The landmark ruling was a huge victory for the country’s rainbow brigade. But then again, there’s a difference between what’s enshrined in the law and how you’re treated by your neighbor or your landlord or your co-worker or your relatives for being who you are.

“Coming out” isn’t easy in India. Most narratives of men and women, who’ve shared their experiences of having declared their sexual orientation to their families, don’t end on a happy note.
Time Travels
“Coming Out With the Help of a Time Machine” is one of seven queer-flavored movies that are premiering at Tribeca this year. Directed by Naman Gupta, it has a novel take on that process. Its poster has “time machine” printed in bold yellow lettering. If, like me, you’re a fan of science-fiction, then you’d know that a “time machine” is that wondrous piece of hardware or a transport that enables you to journey backward and forward in time, the past or the future.
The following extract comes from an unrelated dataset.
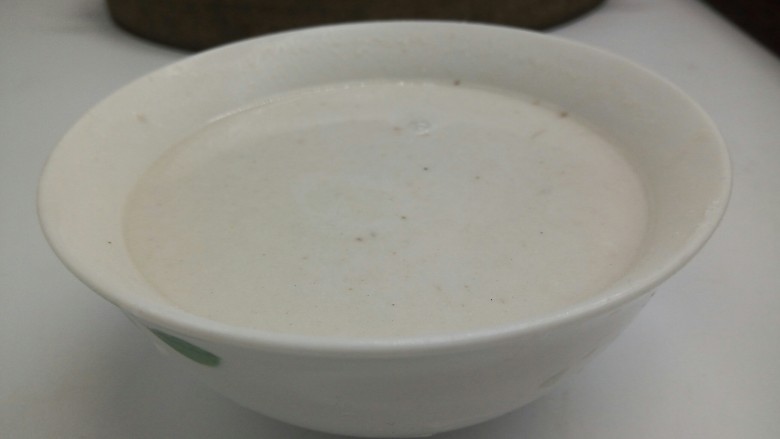 超级美味 海鲜疙瘩汤,番薯粉用清水搅拌开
There’s no temporal ride in this one—yet. In an interview, Gupta, who’s into quantum mechanics and astronomy said that he’s working on making it into a TV series, which could have time travel. For the project, “we are consulting an M.I.T. engineer and a quantum physicist to [weave in] as much science as possible,” he said.
Coming Out Over Coffee
In the movie, there’s a timepiece, though, a watch with a red clock face, with “RESET” emblazoned on it. It’s on the table of a diner—a diner, where a young man (played by Karan Soni) has asked his parents to meet him. He’d like to tell them something that he can’t over the phone. It’s a delicate matter.
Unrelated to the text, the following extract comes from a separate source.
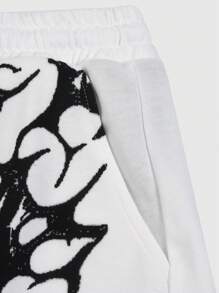 ROMWE MEN Anime 男士哥特式印花短裤，二合一设计，夏季时尚，万圣节 - 黑與白 - 查看 7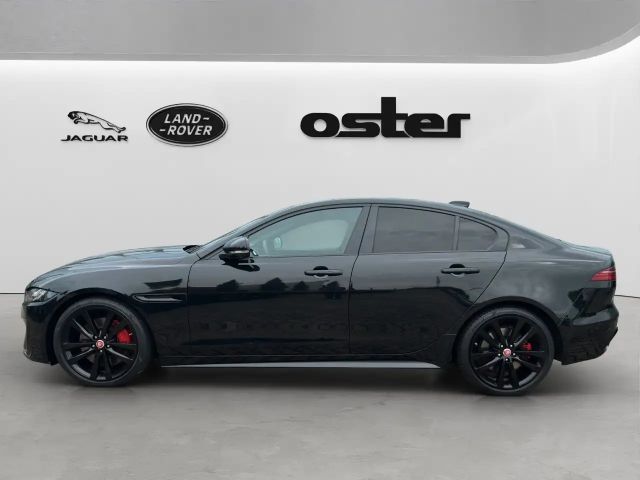 Jaguar XE P250 R-Dynamic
He orders a pot of black coffee as he waits for them to arrive. His mom (played by Sangeeta Agrawal) is over the moon that he’s met someone. His old man, a retired cabbie (played by Raghuram Shetty), is more curious. Most of the questions they ask their son are what would be on the minds of average Indian parents.
RESET
Each time (pun intended), he doesn’t like the direction in which the conversation is headed, he hits “reset,” just like the famous Staples “EASY” button, hoping for an alternate outcome. None are great.
When they hear him announce a “he”—not “she”—they’re crushed. The dad, dumbfounded by the revelation, wonders as to how his boy can be gay. After all, he’d never worn “skinny jeans.” The mom explodes and calls the family physician even before she can utter Jack Robinson. They gave him their all to send him to M.I.T. and how dare he blow his everything for another … man? It’s tantamount to heresy.
Gupta has brought to the fore not merely the homophobia that plagues our culture, but also captured a racial prejudice prevalent among the less educated Indian immigrants: Being gay is bad; but dating or marrying a black male or female is just as bad.